**Description of the task**
What you write must match the records exactly, except for the images, which are left out.

**Extracted data**
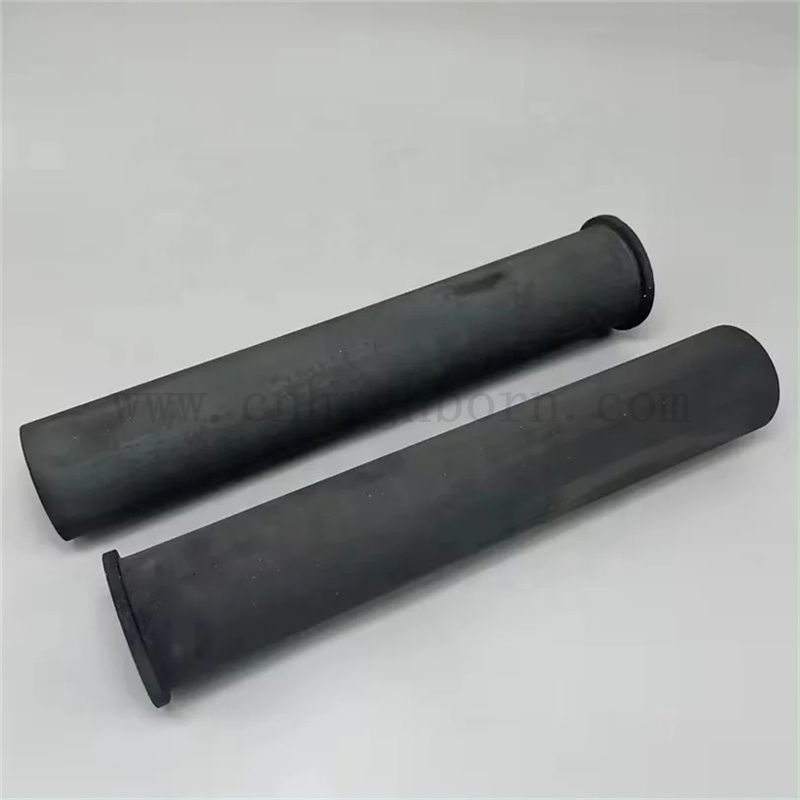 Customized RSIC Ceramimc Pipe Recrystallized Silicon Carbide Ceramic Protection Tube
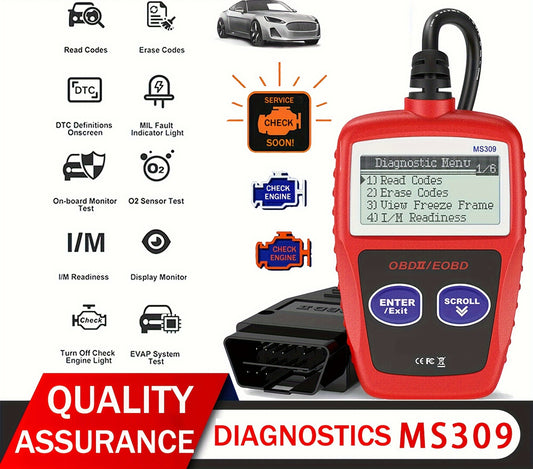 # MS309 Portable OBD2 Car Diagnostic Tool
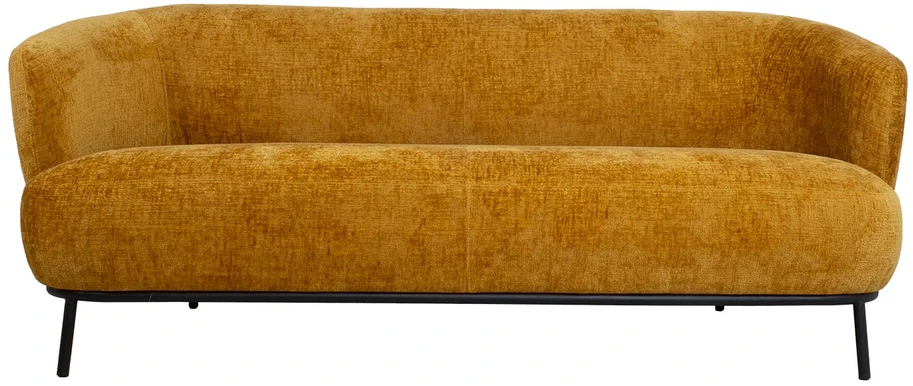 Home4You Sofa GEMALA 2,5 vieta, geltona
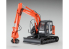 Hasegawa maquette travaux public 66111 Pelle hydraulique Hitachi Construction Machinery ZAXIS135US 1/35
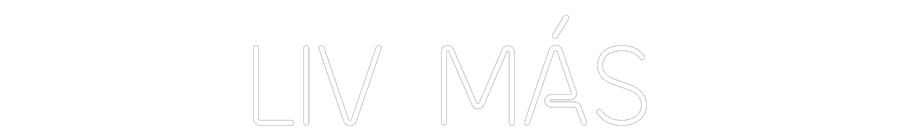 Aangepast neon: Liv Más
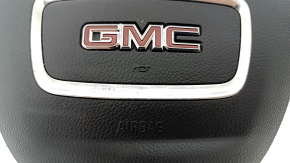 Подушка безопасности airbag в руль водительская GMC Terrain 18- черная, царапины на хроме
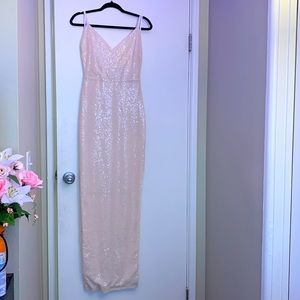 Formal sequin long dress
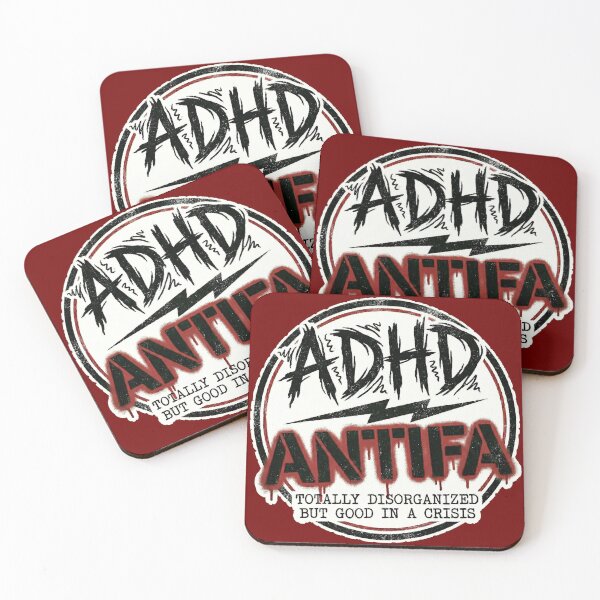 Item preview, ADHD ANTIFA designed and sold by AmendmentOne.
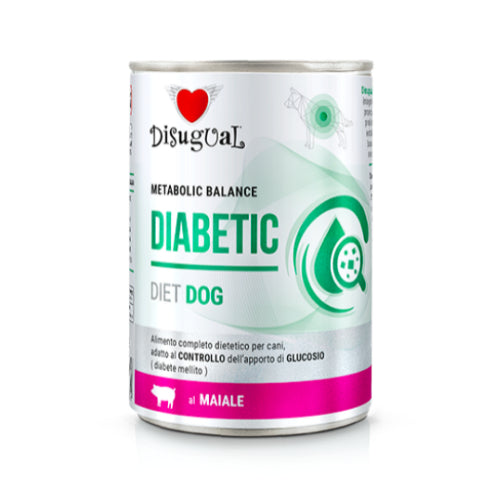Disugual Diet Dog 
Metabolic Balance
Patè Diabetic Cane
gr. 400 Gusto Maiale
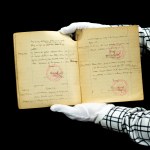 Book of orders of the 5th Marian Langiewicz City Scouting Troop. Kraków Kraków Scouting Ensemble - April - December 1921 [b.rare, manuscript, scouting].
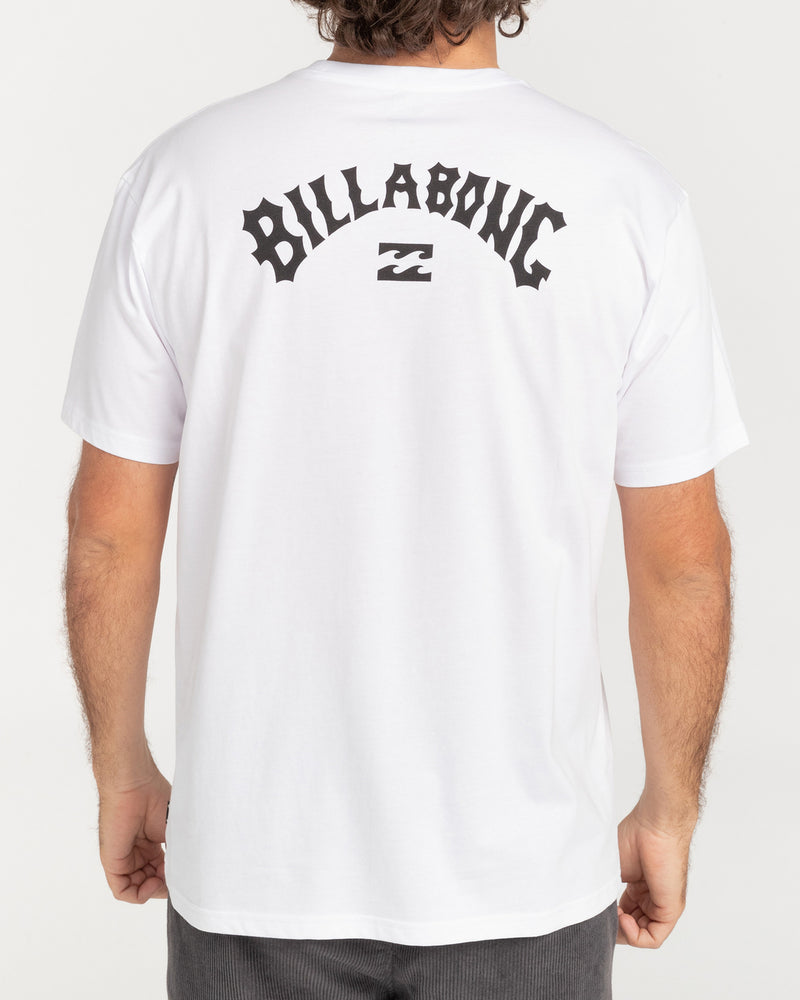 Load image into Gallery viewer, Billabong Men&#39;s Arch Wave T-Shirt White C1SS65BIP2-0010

**Solution for this problem**
 Customized RSIC Ceramimc Pipe Recrystallized Silicon Carbide Ceramic Protection Tube
 # MS309 Portable OBD2 Car Diagnostic Tool
 Home4You Sofa GEMALA 2,5 vieta, geltona
 Hasegawa maquette travaux public 66111 Pelle hydraulique Hitachi Construction Machinery ZAXIS135US 1/35
 Aangepast neon: Liv Más
 Подушка безопасности airbag в руль водительская GMC Terrain 18- черная, царапины на хроме
 Formal sequin long dress
 Item preview, ADHD ANTIFA designed and sold by AmendmentOne.
Disugual Diet Dog 
Metabolic Balance
Patè Diabetic Cane
gr. 400 Gusto Maiale
 Book of orders of the 5th Marian Langiewicz City Scouting Troop. Kraków Kraków Scouting Ensemble - April - December 1921 [b.rare, manuscript, scouting].
 Load image into Gallery viewer, Billabong Men&#39;s Arch Wave T-Shirt White C1SS65BIP2-0010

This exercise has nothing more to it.